### Examples in python ---> Node2Vec 

Use node2vec algorithm to generate low dimensional representation of users to discover interesting user groups / clusters (e.g. popular professionals, satisfied students etc.) using only the available network structure.

In [1]:
import os
import numpy as np
import pandas as pd
import networkx as nx
from collections import Counter

In [2]:
files = os.listdir("../social")
files

['groups.csv',
 'professionals.csv',
 'tag_questions.csv',
 'emails.csv',
 '.DS_Store',
 'answers.csv',
 'group_memberships.csv',
 'tag_users.csv',
 'matches.csv',
 'answer_scores.csv',
 'tags.csv',
 'comments.csv',
 'questions.csv',
 'school_memberships.csv',
 'question_scores.csv',
 'students.csv']

In [7]:
data_parts = {}
for file_name in files:
    file_id = file_name.split(".")[0]
    data_parts[file_id] = pd.read_csv("data/social/" + file_name)
    print(file_id)
    print(data_parts[file_id].shape)

groups
(49, 2)
professionals
(28152, 5)
tag_questions
(76553, 2)
emails
(1850101, 4)

(0, 1)
answers
(51123, 5)
group_memberships
(1038, 2)
tag_users
(136663, 2)
matches
(4316275, 2)
answer_scores
(51138, 2)
tags
(16269, 2)
comments
(14966, 5)
questions
(23931, 5)
school_memberships
(5638, 2)
question_scores
(23928, 2)
students
(30971, 3)


#### Build knowledge graph

In [8]:
def add_nodes(G, df, col, type_name):
    """Add entities to G from the 'col' column of the 'df' DataFrame. The new nodes are annotated with 'type_name' label."""
    nodes = list(df[~df[col].isnull()][col].unique())
    G.add_nodes_from([(n,dict(type=type_name)) for n in nodes])
    print("Nodes (%s,%s) were added" % (col, type_name))
    
def add_links(G, df, col1, col2, type_name):
    """Add links to G from the 'df' DataFrame. The new edges are annotated with 'type_name' label."""
    df_tmp = df[(~df[col1].isnull()) & (~df[col2].isnull())]
    links = list(zip(df_tmp[col1],df_tmp[col2]))
    G.add_edges_from([(src, trg, dict(type=type_name)) for src, trg in links])
    print("Edges (%s->%s,%s) were added" % (col1, col2, type_name))

In [9]:
G = nx.DiGraph()

#### Nodes
The vertices of the knowledge graph consists of the following entities:

* answers
* questions
* comments
* students
* professionals
* industries
* schools
* tags
* user groups
* group types

In [11]:
add_nodes(G, data_parts["answers"], "answers_id", "answer")
add_nodes(G, data_parts["comments"], "comments_id", "comment")
add_nodes(G, data_parts["groups"], "groups_id", "group")
add_nodes(G, data_parts["groups"], "groups_group_type", "group_type")
add_nodes(G, data_parts["professionals"], "professionals_id", "professional")
add_nodes(G, data_parts["professionals"], "professionals_industry", "industry")
add_nodes(G, data_parts["questions"], "questions_id", "question")
add_nodes(G, data_parts["school_memberships"], "school_memberships_school_id", "school")
add_nodes(G, data_parts["students"], "students_id", "student")
add_nodes(G, data_parts["tags"], "tags_tag_id", "tag")

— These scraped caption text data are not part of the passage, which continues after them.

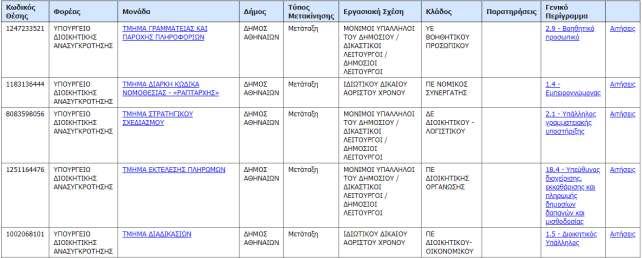 Εικόνα 4.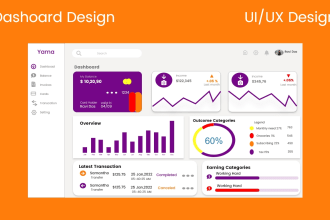 design a professional dashboard or admin panel in adobe xd or figma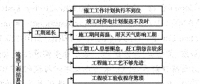 家庭用電細(xì)節(jié)監(jiān)測方案設(shè)計與實現(xiàn)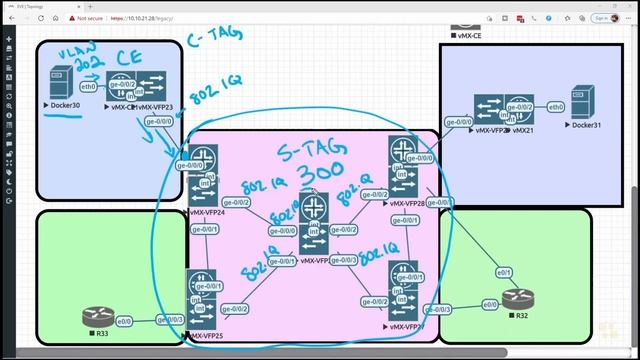02. The Plan of Attack (Q-in-Q Design Considerations) смотреть онлайн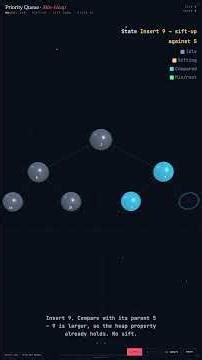 Priority Queue — Data Structures in 60 Seconds #Shorts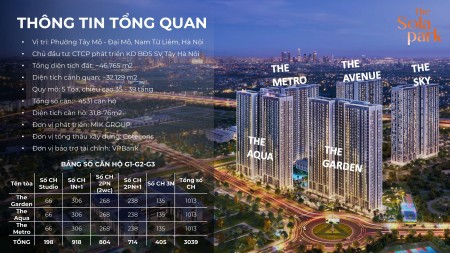 Chính thức nhận booking The Sola Park - Vinhome Smart city giá chỉ từ 50tr /m2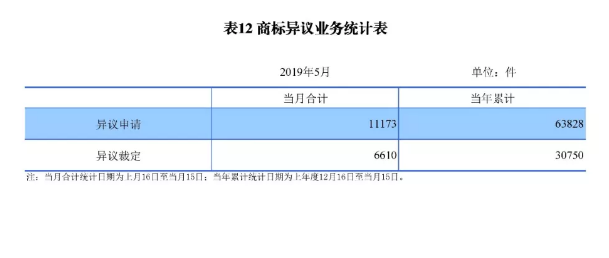 剛剛！國知局發(fā)布「專利、商標、地理標志」1—5月統(tǒng)計數(shù)據(jù)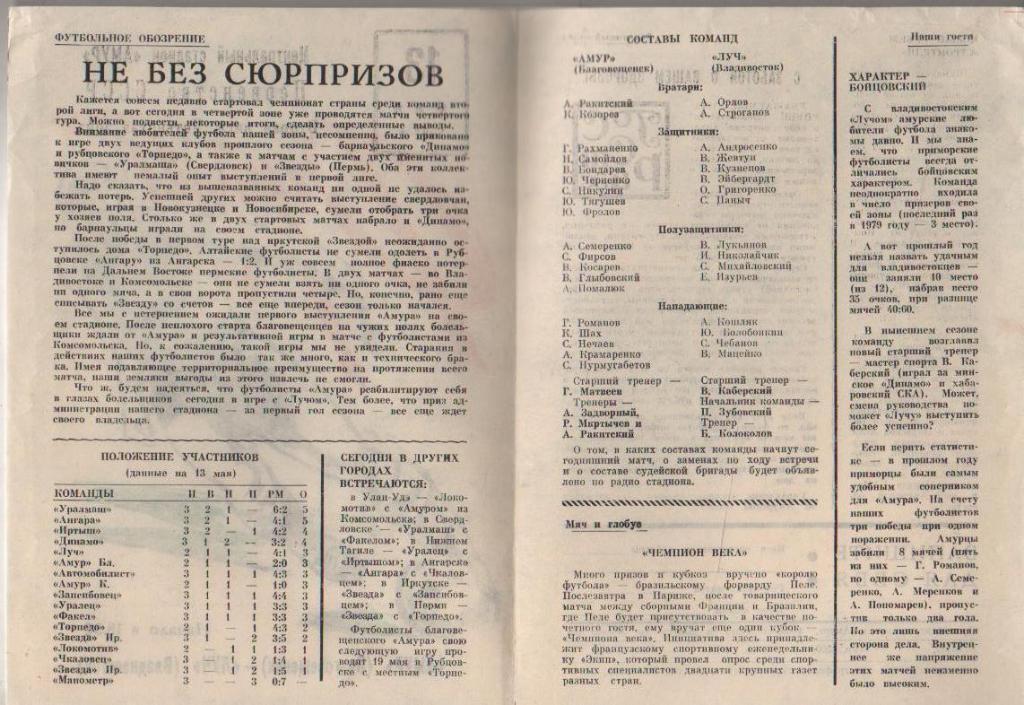пр-ка футбол Амур Благовещенск - Луч Владивосток 1981г. 1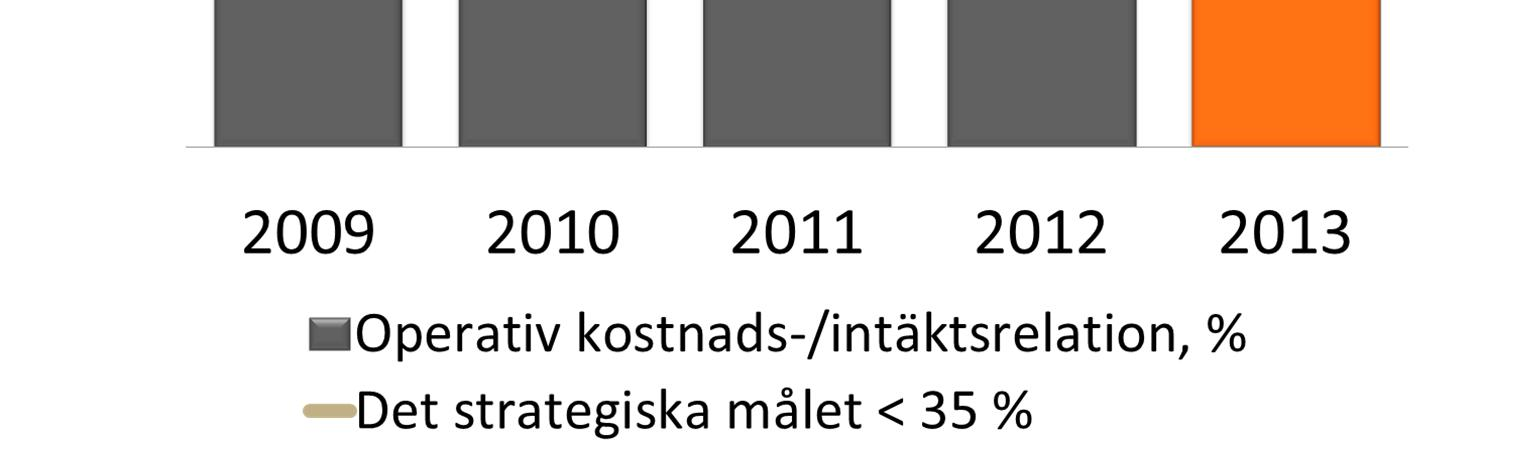 Den operativa kostnads-/intäktsrelationen god trots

Nodes (answers_id,answer) were added
Nodes (comments_id,comment) were added
Nodes (groups_id,group) were added
Nodes (groups_group_type,group_type) were added
Nodes (professionals_id,professional) were added
Nodes (professionals_industry,industry) were added
Nodes (questions_id,question) were added
Nodes (school_memberships_school_id,school) were added
Nodes (students_id,student) were added
Nodes (tags_tag_id,tag) were added


In [13]:
add_links(G, data_parts["answers"], "answers_id", "answers_question_id", "question")
add_links(G, data_parts["answers"], "answers_id", "answers_author_id", "author")
add_links(G, data_parts["comments"], "comments_id", "comments_parent_content_id", "parent_content")
add_links(G, data_parts["comments"], "comments_id", "comments_author_id", "author")
add_links(G, data_parts["group_memberships"], "group_memberships_user_id", "group_memberships_group_id", "member")
add_links(G, data_parts["groups"], "groups_id", "groups_group_type", "type")
add_links(G, data_parts["professionals"], "professionals_id", "professionals_industry", "type")
add_links(G, data_parts["questions"], "questions_id", "questions_author_id", "author")
add_links(G, data_parts["school_memberships"], "school_memberships_user_id", "school_memberships_school_id", "member")
add_links(G, data_parts["tag_questions"], "tag_questions_question_id", "tag_questions_tag_id", "tag")
add_links(G, data_parts["tag_users"], "tag_users_user_id", "tag_users_tag_id", "follow")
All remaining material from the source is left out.